El Museo Arqueológico de Dénia adquiere un cepo de ancla del siglo I descubierto hace 40 años

Cepo hallado hace 40 años en Dénia
AYTO
Actualizado 29/08/2018 18:08:34 CET

ALICANTE, 29 Ago. (EUROPA PRESS) -

El Museo Arqueológico de Dénia (Alicante) ha ingresado en su fondo un nuevo hallazgo subacuático, tras la donación por parte de sus descubridores de un cepo o contrapeso de ancla de plomo, de la época romana en el siglo I, hallado hace alrededor de 40 años en la punta norte de la bahía de L'Almadrava.

El descubrimiento ha sido presentado este miércoles en rueda de prensa por el concejal de Cultura, Rafa Carrio, y el arqueólogo municipal, Josep Gisbert. Se trata de un hallazgo subacuático encontrado por Jaime Mateu Serrano y Angelino Mut Femenía, tras la donación efectuada por este último a la galería, por lo que se formaliza a nombre de sus descubridores, detalla el consistorio en un comunicado.

Según ha relatado Mut, fue a finales de la década de los 70 cuando, mientras buceaban a tres metros bajo la superficie por la zona, dieron "azarosamente" con algunas piezas de hierro y plomo en descomposición, además de este cepo.

"Sacarlo a la superficie fue una tarea que costó mucho, pero que ha traído una compensación muy positiva", ha destacado, ya que extrajeron el capo manualmente, "a base de garrafas de agua, con una cuerda y muy poco a poco".

El arqueólogo ha explicado que la pieza se sitúa en época Flavia (70-90 a.C) y que corresponde a la nave hundida tarraconense, de transporte de vino en una ruta meridional, "seguramente hacia Cartago Nova y naufragó en la punta norte de l'Almadrava".

Tras los trabajos de documentación y estudio, el Ayuntamiento de Dénia evaluará la posibilidad de realizar una reconstrucción del ancla romana, de unos 77 centímetros, para su exposición en el futuro Museu de la Mar, ha avanzado Gisbert.

OTROS HALLAZGOS EN LA ZONA HACE 20 AÑOS

Para el especialista, esta pieza tiene un "gran interés", porque ha recordado que hace 20 años se produjo otro hallazgo de varios objetos en la misma zona, como un zuncho de plomo, un ancla lítica y grandes fragmentos de dolia, además de un sello de plomo con el nombre del mercader Tiberius Claudius Amiantus de Tarraco, del siglo I.

Estos descubrimientos permitieron documentar los vestigios del naufragio de una nave hundida con carga de vino transportado en dolia.

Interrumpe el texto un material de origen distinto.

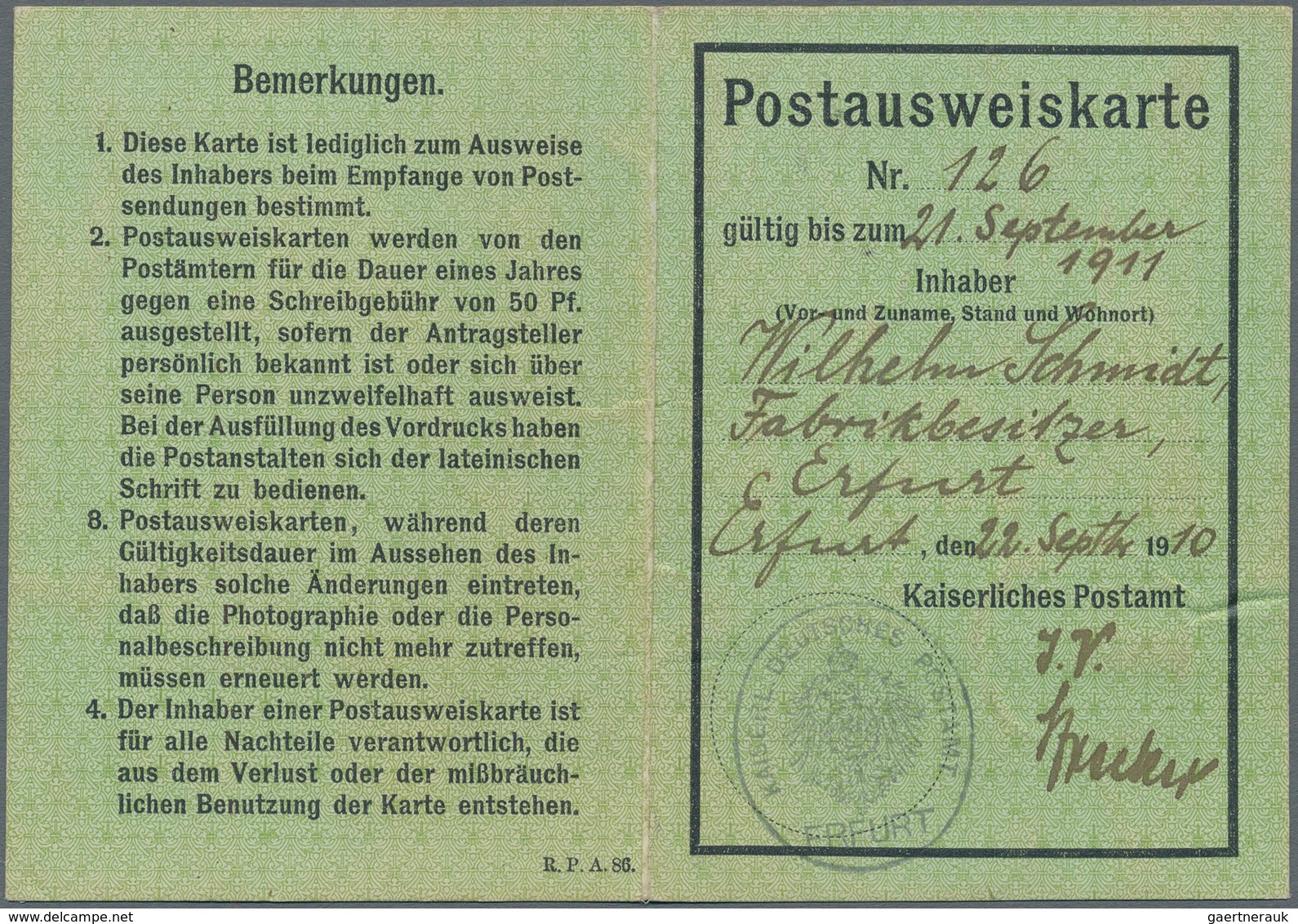 Deutsches Reich - Germania: 1910, 50 Pf Germania Entwertet Mit DBS "ERFURT" Als Gebühr Auf Sehr Selt - Other & Unclassified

Fueron publicados por Gisbert en 2008 en las 'Actas del Congreso Comercio. Redistribución y Fondeaderos. La navegación en vela en el mediterráneo'.

Por su parte, el concejal de Cultura ha agradecido la donación, y ha manifestado que "es gracias a la voluntad y sensibilidad de personas como Angelino que se estudia, se restaura y se pone en valor una parte de nuestra historia para el disfrute público".

Bajo este prisma, ha realizado un llamamiento a buceadores profesionales o aficionados a que sigan el ejemplo en caso de encontrar objetos arqueológicos subacuáticos, y avisen a los técnicos competentes para la custodia, protección y difusión.